Non-standard evaluation (NSE) in dplyr's filter_ & pulling data from MySQL

Lorenzo Rossi picture Lorenzo Rossi · Oct 21, 2014 · Viewed 11.5k times · Source

I'd like to pull some data from a sql server with a dynamic filter. I'm using the great R package dplyr in the following way:

#Create the filter
filter_criteria = ~ column1 %in% some_vector
#Connect to the database
connection <- src_mysql(dbname <- "mydbname", 
             user <- "myusername", 
             password <- "mypwd", 
             host <- "myhost") 
#Get data
data <- connection %>%
 tbl("mytable") %>% #Specify which table
 filter_(.dots = filter_criteria) %>% #non standard evaluation filter
 collect() #Pull data

This piece of code works fine but now I'd like to loop it somehow on all the columns of my table, thus I'd like to write the filter as:

#Dynamic filter
i <- 2 #With a loop on this i for instance
which_column <- paste0("column",i)
filter_criteria <- ~ which_column %in% some_vector

And then reapply the first code with the updated filter.

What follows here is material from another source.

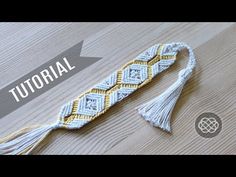 a white and yellow crochet tassel on a wooden table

Unfortunately this approach doesn't give the expected results. In fact it does not give any error but doesn't even pull any result into R. In particular, I looked a bit into the SQL query generated by the two pieces of code and there is one important difference.

While the first, working, code generates a query of the form:

SELECT ... FROM ... WHERE 
`column1` IN ....

(` sign in the column name), the second one generates a query of the form:

SELECT ... FROM ... WHERE 
'column1' IN ....

(' sign in the column name)

Does anyone have any suggestion on how to formulate the filtering condition to make it work?

Answer

Matthew picture Matthew · Oct 22, 2014

It's not really related to SQL. This example in R does not work either:

df <- data.frame(
     v1 = sample(5, 10, replace = TRUE),
     v2 = sample(5,10, replace = TRUE)
)
df %>% filter_(~ "v1" == 1)

It does not work because you need to pass to filter_ the expression ~ v1 == 1 — not the expression ~ "v1" == 1.

To solve the problem, simply use the quoting operator quo and the dequoting operator !!

library(dplyr)
which_column = quot(v1)
df %>% filter(!!which_column == 1)